My code is very similar to the custom input formatter sample:

using Microsoft.AspNetCore.Mvc;
using Microsoft.AspNetCore.Mvc.Formatters;
using System.Text;
using System.Text.Json.Nodes;

namespace slim
{
    public class Program
    {
        public static void Main(string[] args)
        {
            var builder = WebApplication.CreateBuilder(args);
            builder.Services.AddControllers(options =>
            {
                options.InputFormatters.Add(new FormUrlEncodedInputFormatter());
            });

            var app = builder.Build();
            app.MapControllers();
            // Uncomment this to see the expected body content "name=value" is present
            // app.Use(async (c, next) => 
            // {
            //     Console.WriteLine(await new StreamReader(c.Request.Body).ReadToEndAsync());
            //     await next(c);
            // });
            app.Run();
        }
    }

    [ApiController]
    public class EchoController : ControllerBase
    {
        [Route("/echo")]
        public ActionResult Echo([FromBody] JsonObject obj) => Ok(obj);
    }

    public class FormUrlEncodedInputFormatter : TextInputFormatter
    {
        public FormUrlEncodedInputFormatter()
        {
            SupportedMediaTypes.Add("application/x-www-form-urlencoded");
            SupportedEncodings.Add(Encoding.UTF8);
        }

        protected override bool CanReadType(Type type) => type == typeof(JsonObject);

        public override async Task<InputFormatterResult> ReadRequestBodyAsync(InputFormatterContext context, Encoding encoding)
        {
            // PROBLEM: str is always empty ("")
            var str = await new StreamReader(context.HttpContext.Request.Body).ReadToEndAsync();
            var d = str.Split('&').Where(s => s.Length > 0).Select(s => s.Split('='))
                .ToDictionary(kv => kv[0], kv => kv[1]);
            return InputFormatterResult.Success(d);
        }

    }
}

I'm calling the endpoint from PowerShell like this:

Invoke-RestMethod "http://localhost:5186/echo" -Method POST -Body @{ name="value" }

As a workaround, I can enable buffering for the request, which allows my formatter to rewind the body stream, but if the formatter has "full responsibility" for reading data from the request body, this shouldn't be necessary.

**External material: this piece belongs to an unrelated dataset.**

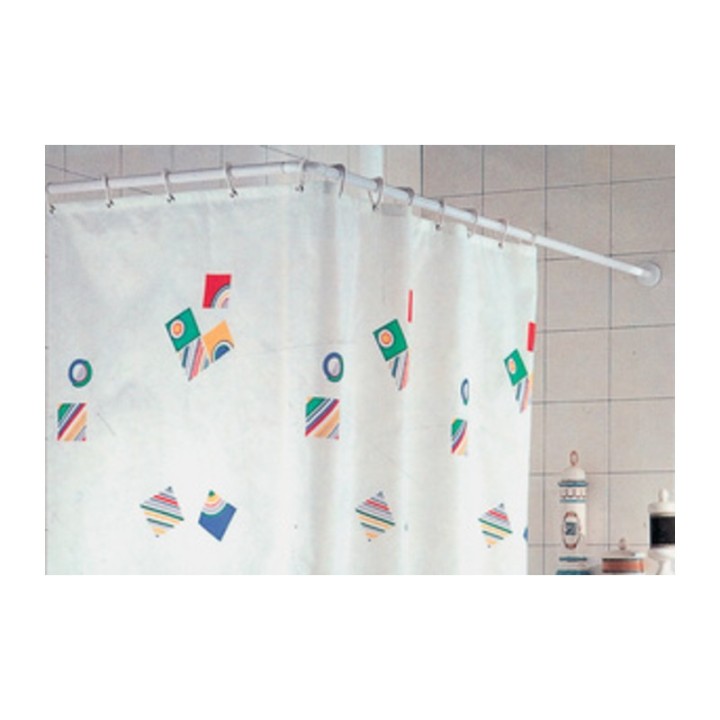 TELAIO TENDA DOCCIA 80X 80 CM BIANCO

app.Use(async (context, next) =>
{
    if (context.Request.ContentType == "application/x-www-form-urlencoded")
    {
        context.Request.EnableBuffering();
    }
    await next(context);
});

What am I doing wrong?

UPDATE: I discovered that form-urlencoded content can be accepted by using the [FromForm] attribute, which does not appear to function as an actual InputFormatter and does not need its content type to be explicitly registered. It's possible that whatever magic makes the [FromForm] attribute work despite having no input formatter registered for the form-urlencoded content type is also responsible for consuming the request body before my formatter gets a crack at it.

The sample above works fine if you replace [FromBody] on the Echo action method parameter with [FromForm], and omit the registration of a special input formatter.